/smhdd_network

Network analysis for Statistical Methods for High Dimensional Data course

Primary LanguageHTMLMIT LicenseMIT

smhdd_network

Network analysis for Statistical Methods for High Dimensional Data course

Dataset

Dataset of users and their friends has been retrieved through Twitter APIs. Users are, in this case, 200 Universities all around the world, selected among the best ones in year 2019 arrocding to roundranking.com. Specifically, the dataset has been downloaded from here.

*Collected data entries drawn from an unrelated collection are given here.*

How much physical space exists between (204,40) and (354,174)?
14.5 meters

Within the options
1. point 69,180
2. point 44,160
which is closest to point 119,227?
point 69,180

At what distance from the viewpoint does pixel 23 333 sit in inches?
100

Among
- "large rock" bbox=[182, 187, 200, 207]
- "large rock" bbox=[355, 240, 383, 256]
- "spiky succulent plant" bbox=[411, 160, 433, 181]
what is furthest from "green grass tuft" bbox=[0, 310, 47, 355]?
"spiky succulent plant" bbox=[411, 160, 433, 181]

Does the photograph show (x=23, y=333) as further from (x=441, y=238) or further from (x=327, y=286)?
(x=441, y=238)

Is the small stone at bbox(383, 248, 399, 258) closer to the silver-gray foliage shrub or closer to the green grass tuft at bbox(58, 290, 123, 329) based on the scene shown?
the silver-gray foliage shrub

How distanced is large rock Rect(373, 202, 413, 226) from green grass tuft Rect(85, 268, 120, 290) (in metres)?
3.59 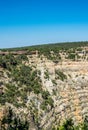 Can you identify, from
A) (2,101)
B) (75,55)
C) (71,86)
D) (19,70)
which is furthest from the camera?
(75,55)

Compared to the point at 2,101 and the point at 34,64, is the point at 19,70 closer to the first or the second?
the point at 34,64

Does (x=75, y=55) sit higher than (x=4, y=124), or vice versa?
(x=75, y=55)

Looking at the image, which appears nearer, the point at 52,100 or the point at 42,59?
the point at 52,100

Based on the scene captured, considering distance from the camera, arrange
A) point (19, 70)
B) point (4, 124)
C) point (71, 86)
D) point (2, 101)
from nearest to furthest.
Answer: point (4, 124)
point (2, 101)
point (19, 70)
point (71, 86)

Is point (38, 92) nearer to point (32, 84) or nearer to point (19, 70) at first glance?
point (32, 84)

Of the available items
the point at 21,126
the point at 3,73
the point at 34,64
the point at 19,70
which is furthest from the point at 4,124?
the point at 34,64

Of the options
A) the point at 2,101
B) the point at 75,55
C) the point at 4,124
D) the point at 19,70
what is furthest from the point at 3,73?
the point at 75,55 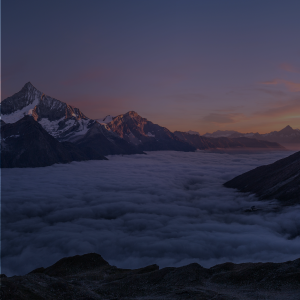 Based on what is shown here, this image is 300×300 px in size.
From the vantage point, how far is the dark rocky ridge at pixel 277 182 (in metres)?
97.4

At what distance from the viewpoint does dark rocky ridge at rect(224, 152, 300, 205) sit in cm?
9738

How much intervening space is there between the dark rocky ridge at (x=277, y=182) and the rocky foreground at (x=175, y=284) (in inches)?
2785

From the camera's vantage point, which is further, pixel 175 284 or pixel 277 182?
pixel 277 182

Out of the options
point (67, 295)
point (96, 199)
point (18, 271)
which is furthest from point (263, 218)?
point (96, 199)

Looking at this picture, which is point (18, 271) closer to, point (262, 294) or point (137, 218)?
point (137, 218)

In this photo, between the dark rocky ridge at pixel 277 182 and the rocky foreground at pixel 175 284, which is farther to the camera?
the dark rocky ridge at pixel 277 182

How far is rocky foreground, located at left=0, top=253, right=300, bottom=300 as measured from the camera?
28.4 meters

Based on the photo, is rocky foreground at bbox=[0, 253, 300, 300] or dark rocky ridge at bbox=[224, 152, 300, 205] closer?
rocky foreground at bbox=[0, 253, 300, 300]

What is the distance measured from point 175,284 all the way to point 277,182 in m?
97.5

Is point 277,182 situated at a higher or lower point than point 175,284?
higher

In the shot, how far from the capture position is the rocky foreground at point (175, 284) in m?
28.4

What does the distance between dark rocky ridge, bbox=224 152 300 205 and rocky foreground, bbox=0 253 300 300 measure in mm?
70727

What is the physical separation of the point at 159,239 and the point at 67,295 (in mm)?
55709

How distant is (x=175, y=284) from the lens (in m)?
35.4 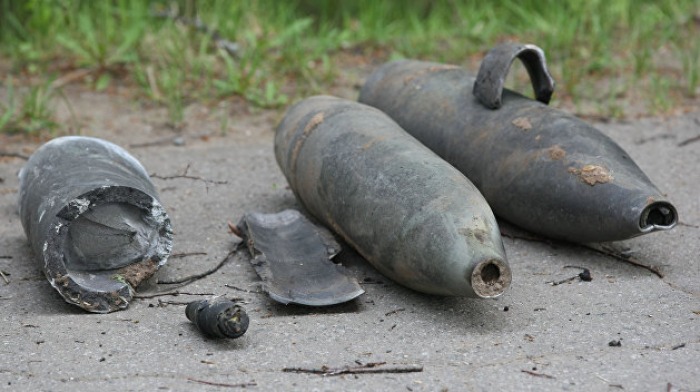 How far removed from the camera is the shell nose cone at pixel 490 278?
93.3 inches

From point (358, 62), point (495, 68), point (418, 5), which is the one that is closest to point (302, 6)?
→ point (418, 5)

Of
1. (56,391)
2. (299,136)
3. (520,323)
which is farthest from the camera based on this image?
(299,136)

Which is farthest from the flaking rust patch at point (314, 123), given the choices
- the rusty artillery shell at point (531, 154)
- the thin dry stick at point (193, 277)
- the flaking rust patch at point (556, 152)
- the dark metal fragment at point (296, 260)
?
the flaking rust patch at point (556, 152)

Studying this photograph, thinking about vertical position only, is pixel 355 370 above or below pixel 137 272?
above

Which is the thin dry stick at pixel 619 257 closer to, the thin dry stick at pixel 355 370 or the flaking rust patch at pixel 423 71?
the flaking rust patch at pixel 423 71

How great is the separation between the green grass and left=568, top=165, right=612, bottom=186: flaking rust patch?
218cm

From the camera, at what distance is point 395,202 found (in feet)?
8.69

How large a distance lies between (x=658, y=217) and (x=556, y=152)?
0.44 metres

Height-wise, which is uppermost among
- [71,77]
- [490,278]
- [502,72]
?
[502,72]

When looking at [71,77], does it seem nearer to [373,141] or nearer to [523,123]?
[373,141]

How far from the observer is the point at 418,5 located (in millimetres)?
9297

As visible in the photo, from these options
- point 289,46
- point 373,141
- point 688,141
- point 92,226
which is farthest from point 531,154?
point 289,46

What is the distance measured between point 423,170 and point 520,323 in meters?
0.60

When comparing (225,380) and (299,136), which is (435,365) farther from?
(299,136) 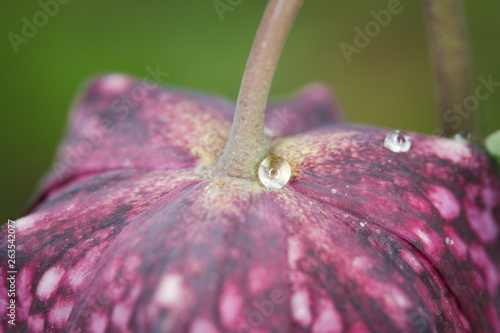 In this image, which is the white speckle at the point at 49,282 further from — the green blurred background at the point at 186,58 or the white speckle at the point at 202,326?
the green blurred background at the point at 186,58

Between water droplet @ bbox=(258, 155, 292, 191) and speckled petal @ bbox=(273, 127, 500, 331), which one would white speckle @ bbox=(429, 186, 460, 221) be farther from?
water droplet @ bbox=(258, 155, 292, 191)

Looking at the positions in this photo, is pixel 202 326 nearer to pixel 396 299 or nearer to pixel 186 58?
pixel 396 299

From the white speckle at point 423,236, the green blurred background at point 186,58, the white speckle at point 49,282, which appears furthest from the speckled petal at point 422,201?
the green blurred background at point 186,58

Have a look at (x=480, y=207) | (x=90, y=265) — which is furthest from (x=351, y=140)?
(x=90, y=265)

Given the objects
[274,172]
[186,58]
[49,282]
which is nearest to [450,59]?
[274,172]

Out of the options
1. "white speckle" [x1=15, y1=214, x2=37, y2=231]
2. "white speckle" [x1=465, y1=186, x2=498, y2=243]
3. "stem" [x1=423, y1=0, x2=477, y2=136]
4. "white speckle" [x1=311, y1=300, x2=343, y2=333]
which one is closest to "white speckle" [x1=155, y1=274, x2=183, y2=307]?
"white speckle" [x1=311, y1=300, x2=343, y2=333]

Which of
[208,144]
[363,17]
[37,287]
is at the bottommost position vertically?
[37,287]

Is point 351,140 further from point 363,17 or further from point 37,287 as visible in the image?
point 363,17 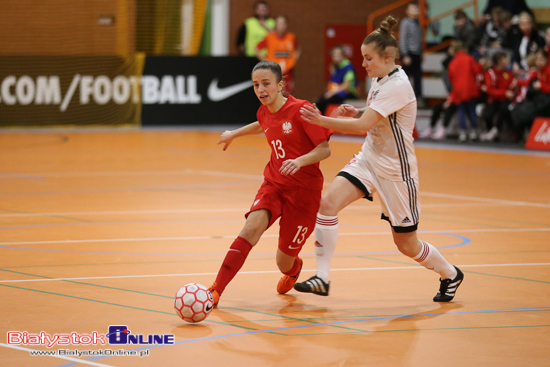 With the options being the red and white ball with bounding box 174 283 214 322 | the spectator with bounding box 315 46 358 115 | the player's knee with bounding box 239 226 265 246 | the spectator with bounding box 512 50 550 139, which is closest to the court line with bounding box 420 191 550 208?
the player's knee with bounding box 239 226 265 246

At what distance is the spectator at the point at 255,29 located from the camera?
73.5ft

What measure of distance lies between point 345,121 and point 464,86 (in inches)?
527

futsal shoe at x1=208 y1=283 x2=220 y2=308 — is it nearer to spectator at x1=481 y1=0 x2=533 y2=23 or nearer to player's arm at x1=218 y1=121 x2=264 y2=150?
player's arm at x1=218 y1=121 x2=264 y2=150

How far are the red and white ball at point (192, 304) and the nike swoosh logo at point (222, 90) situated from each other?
17.9 meters

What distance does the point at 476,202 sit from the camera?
10.5 m

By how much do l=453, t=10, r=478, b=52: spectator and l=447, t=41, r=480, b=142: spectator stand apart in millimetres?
1273

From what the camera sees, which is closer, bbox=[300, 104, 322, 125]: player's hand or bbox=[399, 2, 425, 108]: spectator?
bbox=[300, 104, 322, 125]: player's hand

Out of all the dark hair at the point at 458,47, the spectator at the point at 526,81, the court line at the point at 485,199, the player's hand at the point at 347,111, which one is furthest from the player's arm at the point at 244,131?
the dark hair at the point at 458,47

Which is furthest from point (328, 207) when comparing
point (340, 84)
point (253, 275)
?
point (340, 84)

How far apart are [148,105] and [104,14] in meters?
3.10

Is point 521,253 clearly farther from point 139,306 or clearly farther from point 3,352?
point 3,352

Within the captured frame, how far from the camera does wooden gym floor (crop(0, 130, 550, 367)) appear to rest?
4.56 metres

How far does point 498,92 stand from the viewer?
18.0 meters

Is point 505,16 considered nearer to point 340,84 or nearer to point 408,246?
point 340,84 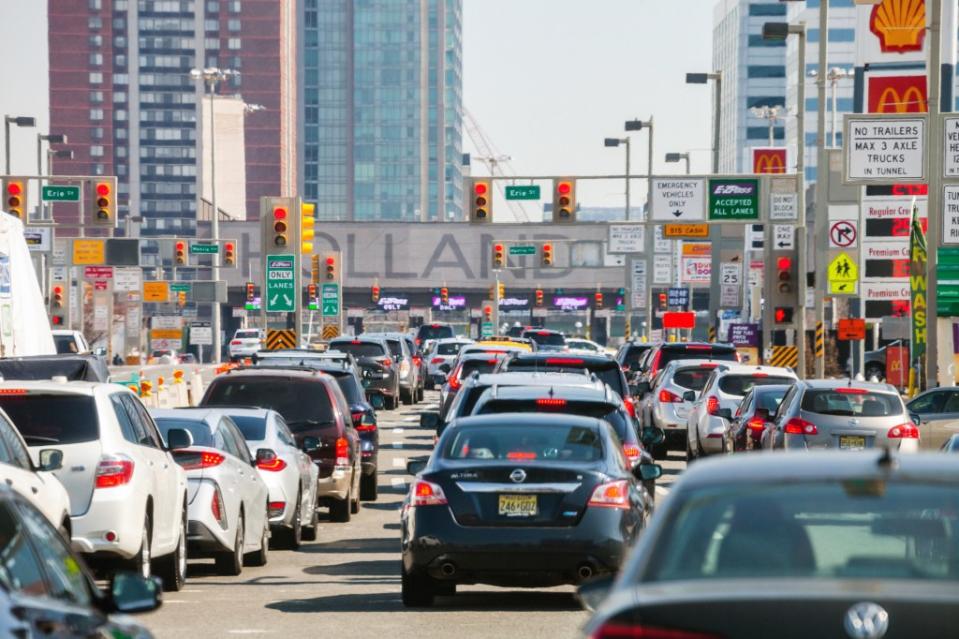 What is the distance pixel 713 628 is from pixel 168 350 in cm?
9644

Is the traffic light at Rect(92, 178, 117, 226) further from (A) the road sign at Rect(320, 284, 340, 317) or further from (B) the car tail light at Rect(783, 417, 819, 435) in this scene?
(B) the car tail light at Rect(783, 417, 819, 435)

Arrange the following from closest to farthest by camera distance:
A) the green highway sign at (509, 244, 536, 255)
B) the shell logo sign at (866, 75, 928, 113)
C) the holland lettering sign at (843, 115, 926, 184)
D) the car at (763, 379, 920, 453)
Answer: the car at (763, 379, 920, 453), the holland lettering sign at (843, 115, 926, 184), the shell logo sign at (866, 75, 928, 113), the green highway sign at (509, 244, 536, 255)

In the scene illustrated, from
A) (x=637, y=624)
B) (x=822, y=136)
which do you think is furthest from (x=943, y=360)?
(x=637, y=624)

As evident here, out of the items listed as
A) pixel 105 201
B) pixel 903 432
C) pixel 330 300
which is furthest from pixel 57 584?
pixel 330 300

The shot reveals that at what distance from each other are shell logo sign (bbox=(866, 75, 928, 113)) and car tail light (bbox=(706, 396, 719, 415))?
3957 centimetres

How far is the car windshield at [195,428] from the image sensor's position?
1716cm

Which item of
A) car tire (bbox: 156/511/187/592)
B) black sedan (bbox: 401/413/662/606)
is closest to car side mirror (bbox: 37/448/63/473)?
car tire (bbox: 156/511/187/592)

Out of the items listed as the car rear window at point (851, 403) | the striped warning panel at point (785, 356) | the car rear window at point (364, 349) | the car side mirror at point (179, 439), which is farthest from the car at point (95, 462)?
the striped warning panel at point (785, 356)

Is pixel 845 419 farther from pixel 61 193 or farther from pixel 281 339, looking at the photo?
pixel 61 193

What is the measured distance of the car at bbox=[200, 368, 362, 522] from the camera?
21719 mm

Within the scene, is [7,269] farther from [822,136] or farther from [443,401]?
[822,136]

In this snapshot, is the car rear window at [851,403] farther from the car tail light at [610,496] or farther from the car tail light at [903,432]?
the car tail light at [610,496]

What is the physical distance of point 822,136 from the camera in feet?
148

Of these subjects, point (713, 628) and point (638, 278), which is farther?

Dataset is arranged in a relational manner in two tables:

  1. Users
    1. id (character): it is the unique identifier of the urser
    2. screen_name (character): it is the unique name of the user, which appears on its Twitter page
    3. location (character): describes users location, if available
    4. url (character): url to user's web page, if available
    5. description (character): description of the user, if available
    6. protected (logical): does the user have a protected (i.e. not public) profile? yes/no
    7. verified (logical): does the user have a verified profile? yes/no
    8. followers_count (numeric): number of followers, at the moment when the user has been retrieved
    9. friends_count (numeric): number of friends (i.e. followerd users), at the moment when the user has been retrieved
  2. Friendship
    1. from (character): id of the user which has the friend
    2. to (character): firend of the user

Note that for every user, all their friends have been downloaded, since the APIs mada available from Twitter do not allow to filter them a priori.This means that there are much more ids in friendship with respect to the ones in the user table. Hence, inner join operator must be used on the friendship and the users table, in order to obtain friendship among users of interest only.